All due respect, somehow the local coppers (especially day-shift) missed all that.

I found scant elaboration on the Rhode Island Compassion Party account (although I can logically guess their platform/premise) and was directed to The Healing Church site and its message/mission: “The Healing Church shares prayers, fellowship, and the healing medicine described in Exodus 30:23 to those in need of physical and/or spiritual healing.”

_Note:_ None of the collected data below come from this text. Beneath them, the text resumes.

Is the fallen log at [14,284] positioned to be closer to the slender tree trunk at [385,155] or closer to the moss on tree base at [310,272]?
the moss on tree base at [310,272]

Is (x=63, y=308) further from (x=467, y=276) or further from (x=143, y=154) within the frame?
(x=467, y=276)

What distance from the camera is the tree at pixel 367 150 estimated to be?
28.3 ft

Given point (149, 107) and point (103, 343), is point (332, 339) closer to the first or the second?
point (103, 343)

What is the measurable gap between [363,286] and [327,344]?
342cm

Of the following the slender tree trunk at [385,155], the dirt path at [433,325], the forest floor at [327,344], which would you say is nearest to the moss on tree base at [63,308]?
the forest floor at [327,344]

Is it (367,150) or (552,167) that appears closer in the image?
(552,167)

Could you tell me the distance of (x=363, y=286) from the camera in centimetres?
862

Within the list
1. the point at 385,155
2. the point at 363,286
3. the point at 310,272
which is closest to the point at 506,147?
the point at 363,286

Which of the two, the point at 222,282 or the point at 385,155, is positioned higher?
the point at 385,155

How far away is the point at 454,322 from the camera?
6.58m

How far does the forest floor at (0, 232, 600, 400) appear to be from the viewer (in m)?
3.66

I wonder: If Armstrong and Gordon are Christian-sect clergy of sorts and they openly profess to use marijuana for religious services/purposes, will we see a challenge in court whereby they orchestrate a separation of church/state argument? Will that fly? Then again, if they are running for elected office while also offering “religious services,” they’d have to separate one from the other, choose either the state gig or church congregation. Such a quandary, eh?

They both seem genuinely peace-loving and desirous of harmony among folks. A gander of Ms. Armstrong’s Twitter account indicates her political candidacy as well as her dedication to MAGA platforms:

(Credit: Anne Armstrong/Twitter)

As it is in Rhode Island, medical marijuana is legal here in Florida, governed under the auspices of the Department of Health’s Office of Medical Marijuana Use (initially dubbed the Office of Compassionate Use). In the event Armstrong and Gordon somehow evade prison sentences, perhaps their Compassion Party can find a sunny home with the Office of Compassionate Use, offering their knowledge base as subject matter experts. After all, Florida is still wrangling with the baby steps of legalizing marijuana for medicinal applications.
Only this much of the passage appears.